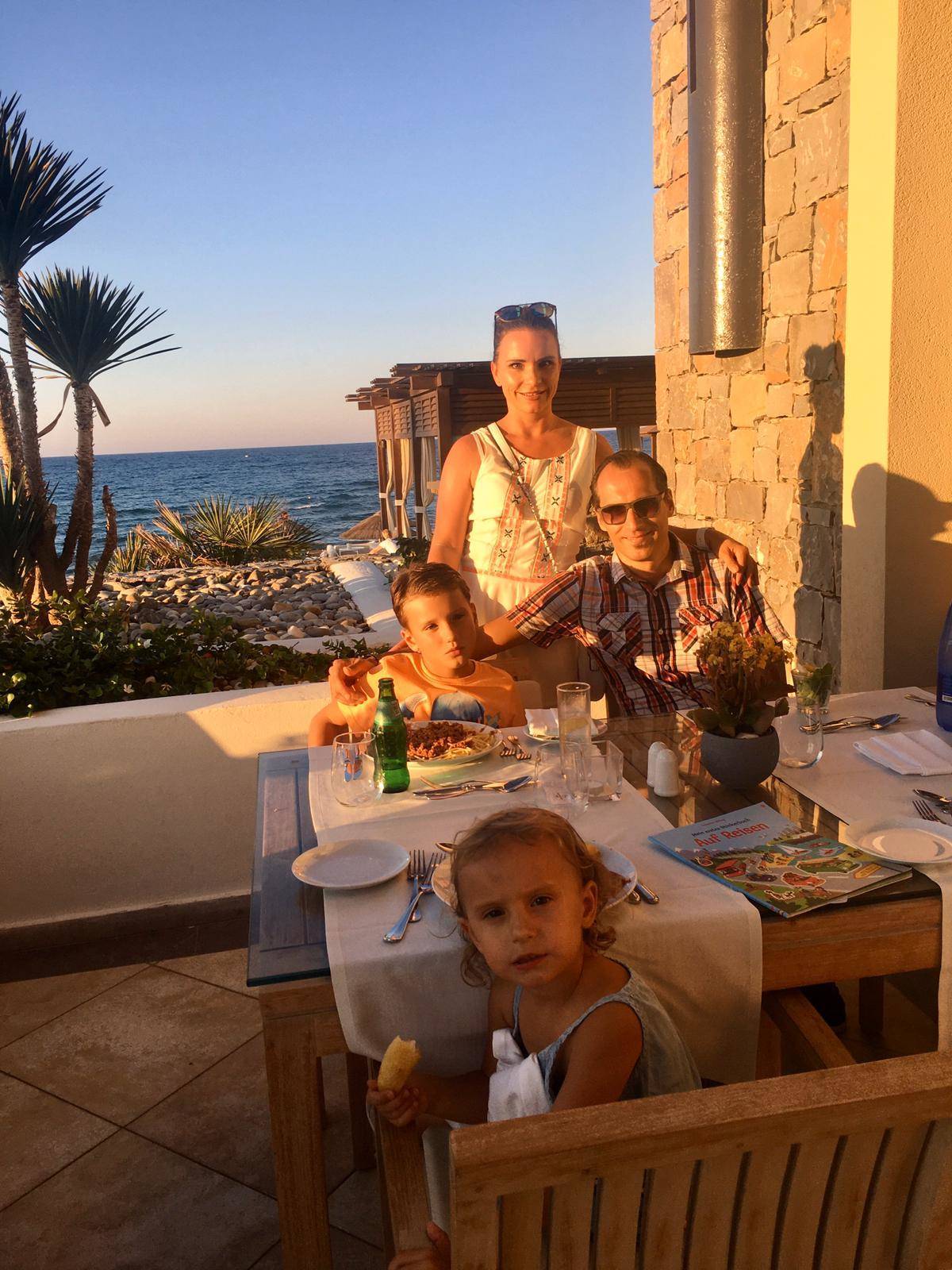 Familienhotel Kreta Abendessen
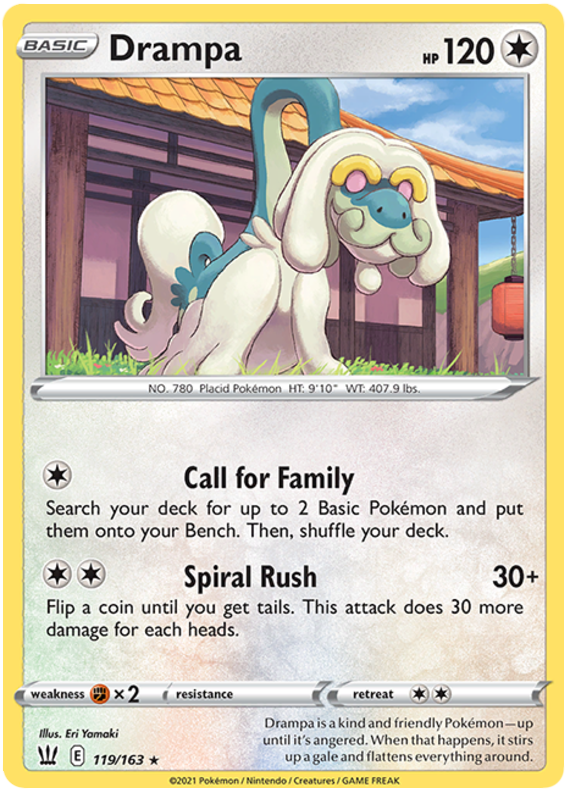 Drampa (119/163) [Sword & Shield: Battle Styles] | Galactic Gamez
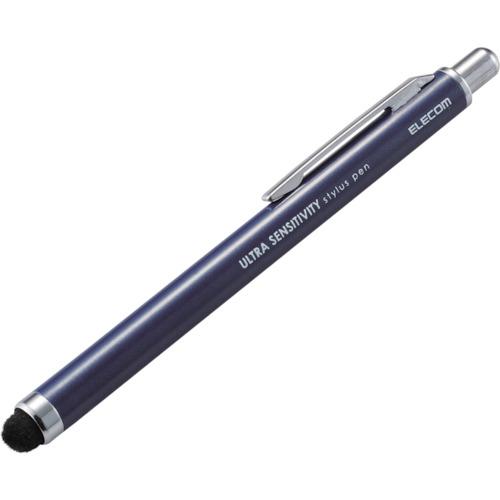 《メーカー》エレコム（株）《品番》P-TPCNBU《特長》●ペン先に高密度ファイバーチップを採用し、超感度を実現したスマートフォン用タッチペンです。 ●ペン先を収納でき、ペン先の摩擦や汚れなどを防ぐノックタイプです。●持ち運びに便利なクリップがついています。 《用途》●軽いタッチで超反応!ペン先に高密度ファイバーチップを採用し、超感度を実現したスマートフォン用タッチペン。●ペン先を収納できるノックタイプ。《仕様》●色:ネイビー《仕様2》●適合機種:各種スマートフォン・タブレット●外形寸法(mm):長さ約113mm×ペン径約9mm ペン先約6《原産国（名称）》中国《材質／仕上》●ペン先:シリコンゴム、ナイロン繊維、本体:アルミニウム 《セット内容／付属品》《注意》《JANコード》4953103346208《本体質量》32.0gエレコム　超感度スマートフォン用タッチペン（ノックタイプ）　ネイビー〔品番：P-TPCNBU〕[注番:1239582][本体質量：32.0g]《包装時基本サイズ：16.00×70.00×180.00》〔包装時質量：0.032kg〕分類》オフィス・住設用品》文房具》電子文具☆納期情報：取寄管理コード(009) メーカー直送品【法人限定＝会社名ご記入お願い致します。】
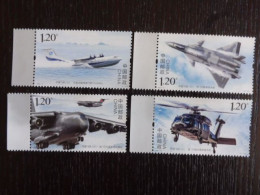 CHINA - CHINE / AVIATION 2021 SET OF 4 - MNH** - Aerei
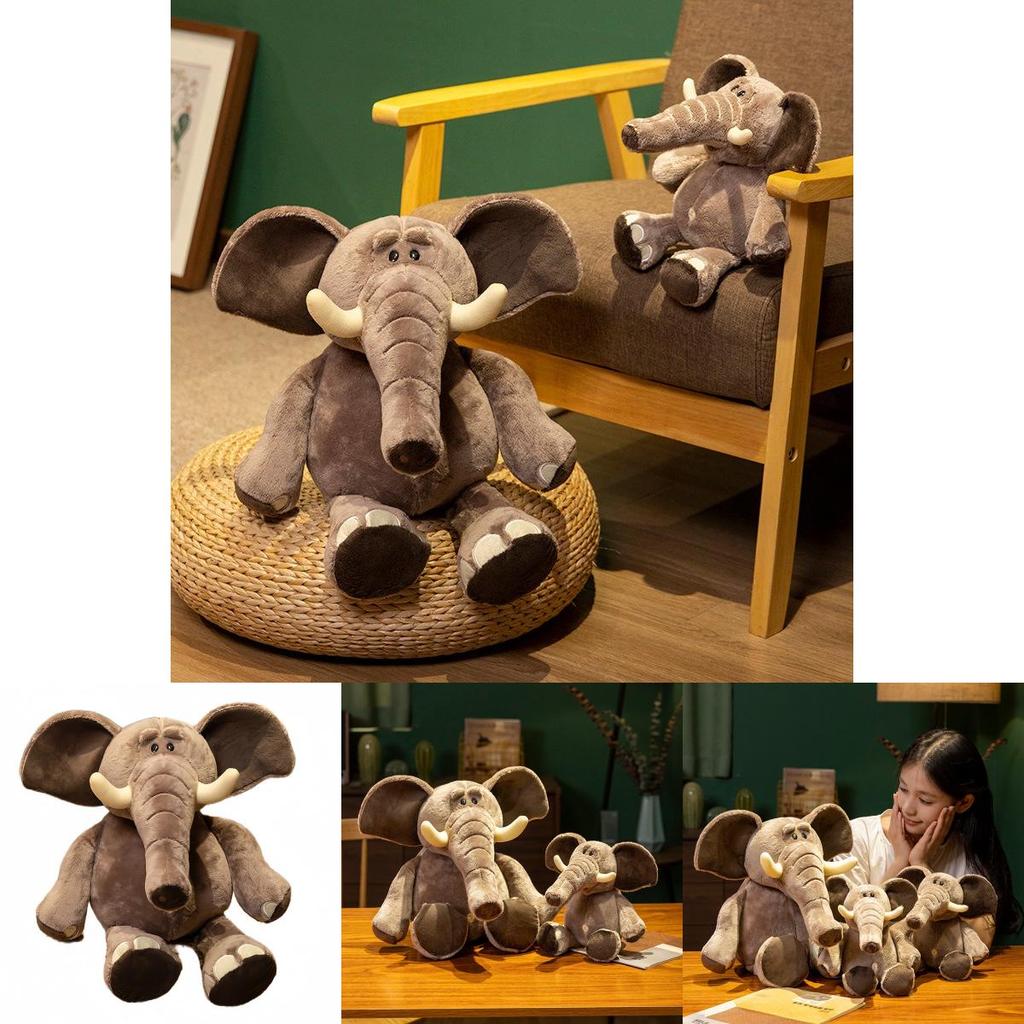Plush Elephant Toy For Kids Soft Animal Doll Gift For Children And Toddlers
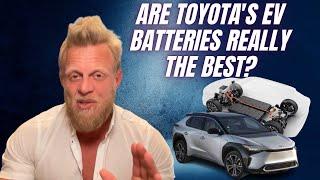 Toyota says the batteries in its EVs are far superior to the competition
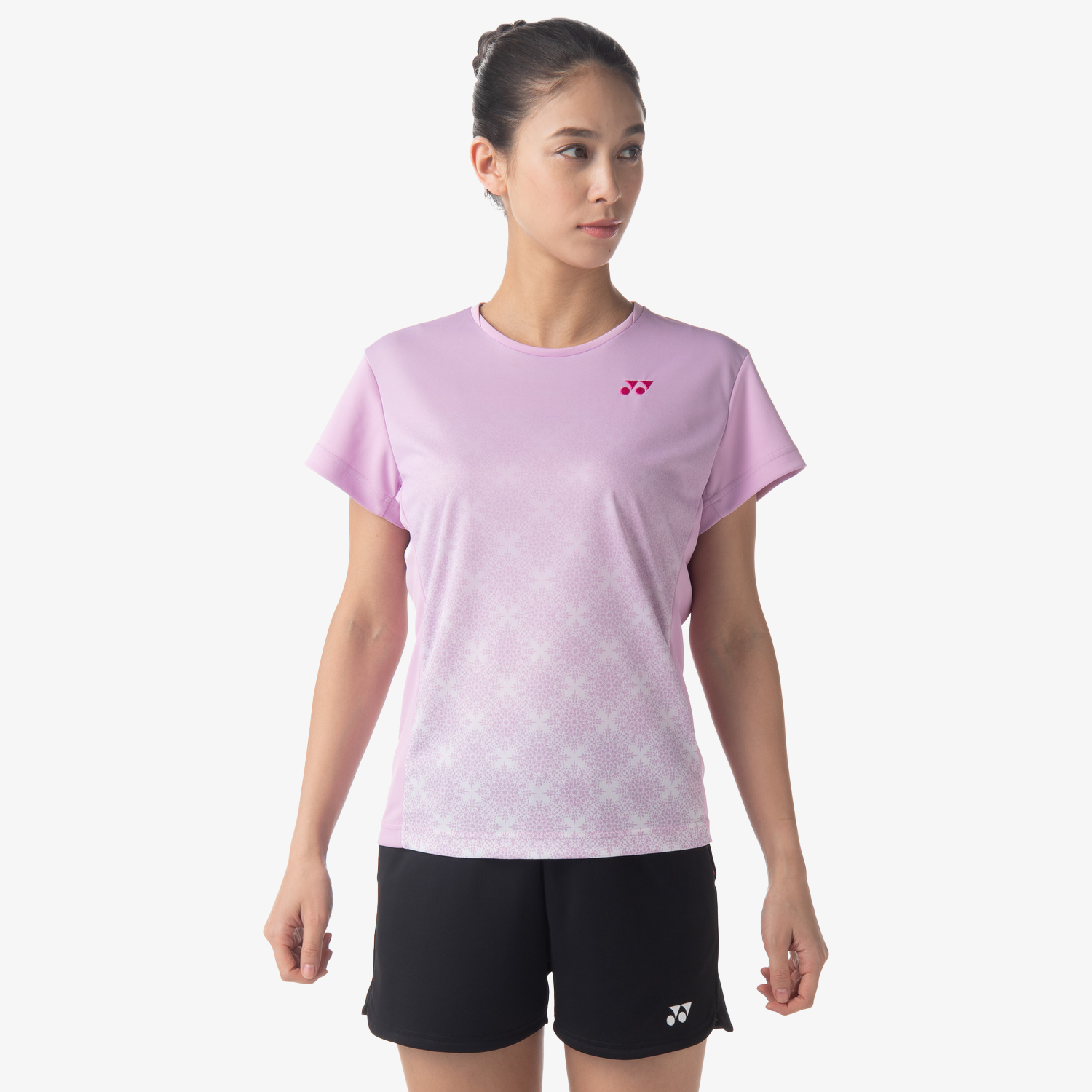 Yonex Women's Crew Neck Tournament Shirts 20738 (Mist Pink) 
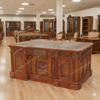 6ft Natural Mahogany Presidential Resolute Office Desk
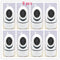 White 8 pcs 1080P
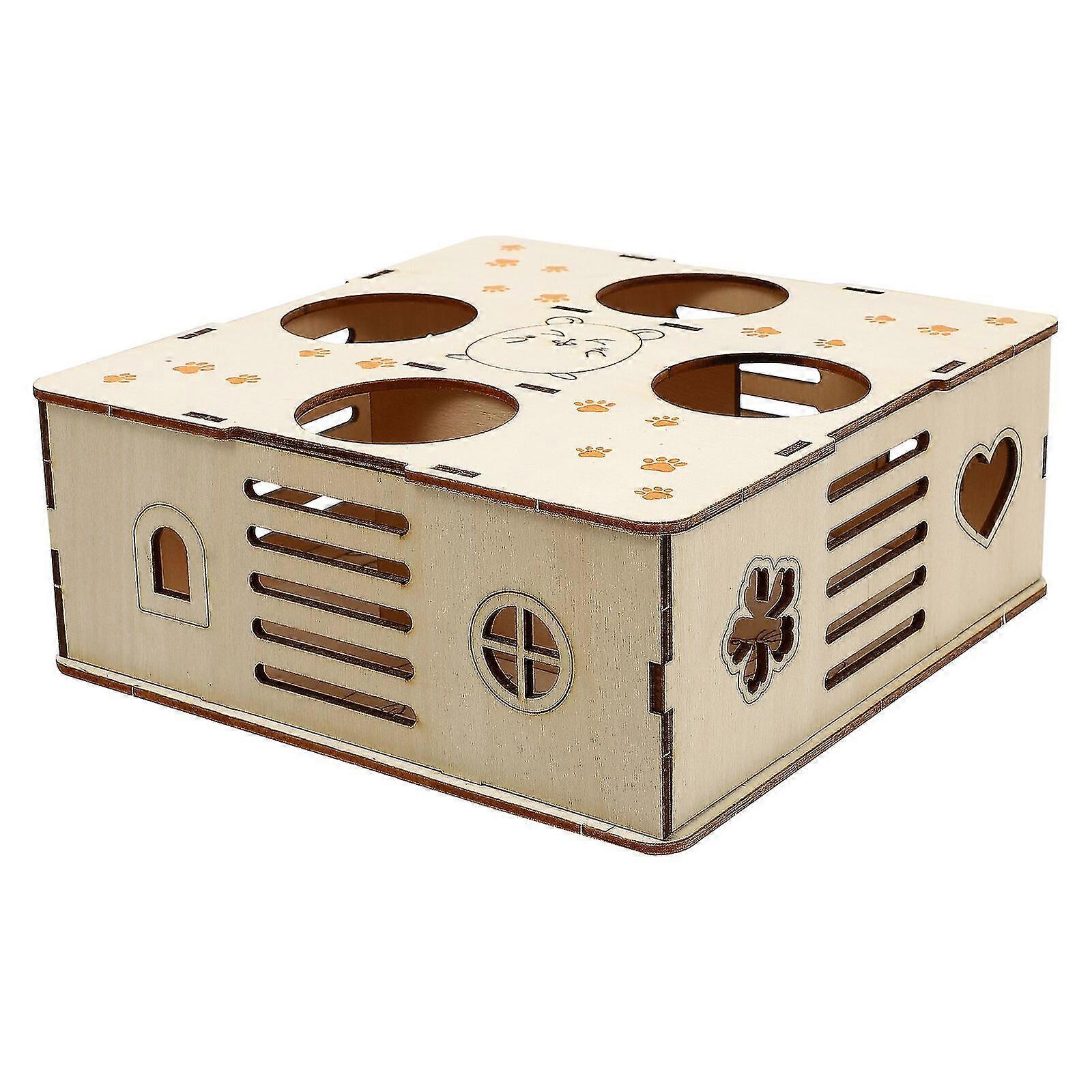 1pc絶妙なハムスター迷路トンネルクリエイティブハムスター迷路おもちゃペットトンネル遊び道具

#### Work required:
With the pictures removed, write out exactly the lines from the line containing "Yonex Women's Crew" through the last line of the material above, both included.

#### Response below:
 Yonex Women's Crew Neck Tournament Shirts 20738 (Mist Pink) 
 6ft Natural Mahogany Presidential Resolute Office Desk
 White 8 pcs 1080P
 1pc絶妙なハムスター迷路トンネルクリエイティブハムスター迷路おもちゃペットトンネル遊び道具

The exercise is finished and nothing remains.